The boy of about 13 walked the pathway from Fisherman's Wharf to Cannery Row, who when seeing me, age 48, walking in the opposite direction, declared, "You are a lucky man." Goose bumps and shivers of the uncanny swept my being. An affirmation of my being lucky?

 

How do we know when we are lucky? It is not because our life is problem free or blessed with wonderful friends and resources. Luck does not mean we can't make stupid mistakes or do terrible things. Luck is paradoxical experience in which, metaphorically, we should sink below the water's surface, but instead, we somehow survive when we don't know how to swim or even back-float.
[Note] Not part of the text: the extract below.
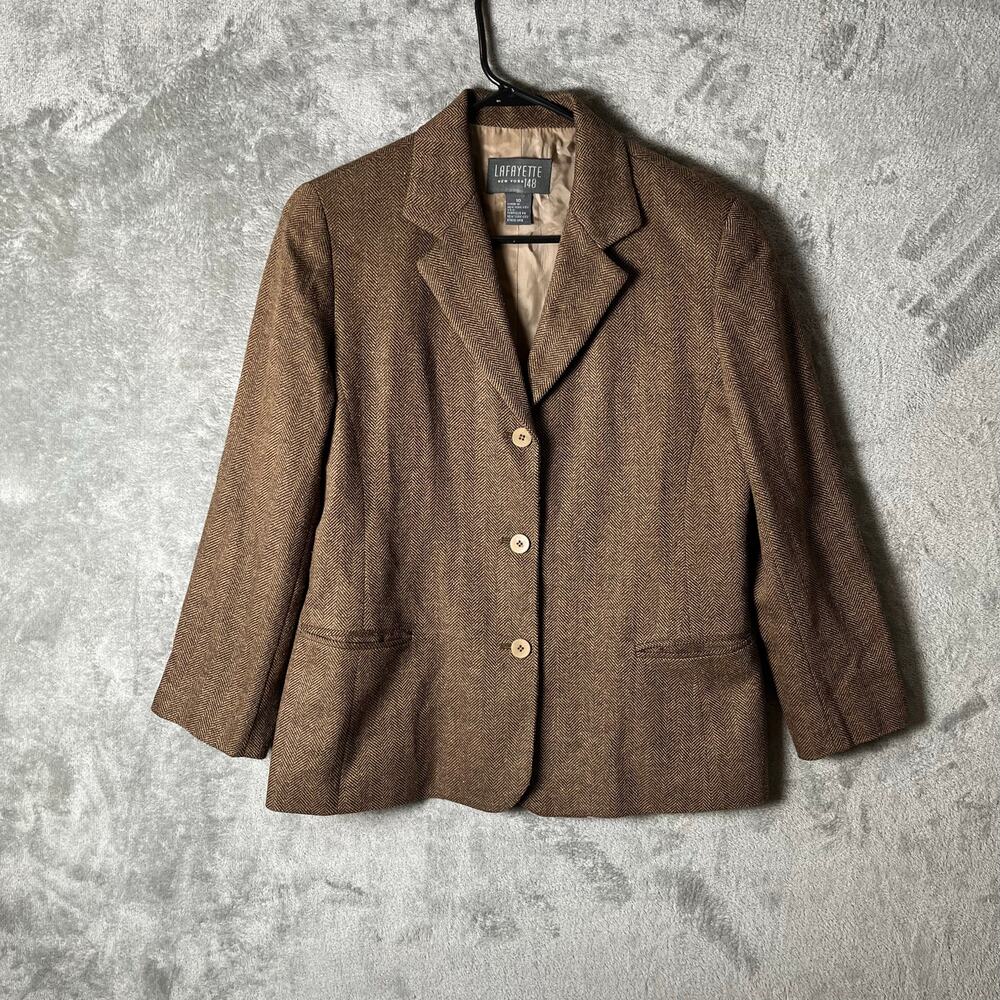 Lafayette 148 Academia Brown Herringbone Blazer Size 10 Office Career Wool Silk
This survival comes in many ways, be it interventions by others, forewarnings, unexplained knowledge or abilities we did not have before, or miracles.

 

I find narrative the easiest way to share knowledge. When age three, I walked down a lane in a grapefruit orchard, there, in the middle of lane, a few feet in front of me, stood the poisonous coiled coral snake, head raised and ready to strike. Striped colors magnified its size. I froze. It sank its teeth in my hand. It did not hurt. Its marks disappeared and the snake poison became snake medicine. Still age three, I had slipped into a raging flooded creek. The water pulled me under and filled my lungs. Eyes open, I saw the man standing upright on the bottom of the creek, waiting, arms outreached. He caught me and the next I knew he was above me as I came to. Rescue trucks came and my mother. My mother said, "Where is the man who was here?"  Again, still age 3, my family was camped in the car off the road overnight. Everyone was asleep. A storm came up and a tornado lifted the car and moved it ahead about 10 to 15 feet. My Father said, "Oh my God! Johnny was sleeping on the running board!" He got out and went around to the other side of the car. I was still asleep on the running board.

 

Luck seems stronger the more we consciously link with other consciousness, seen and unseen. To me, luck is not so much a mystery, but a reality.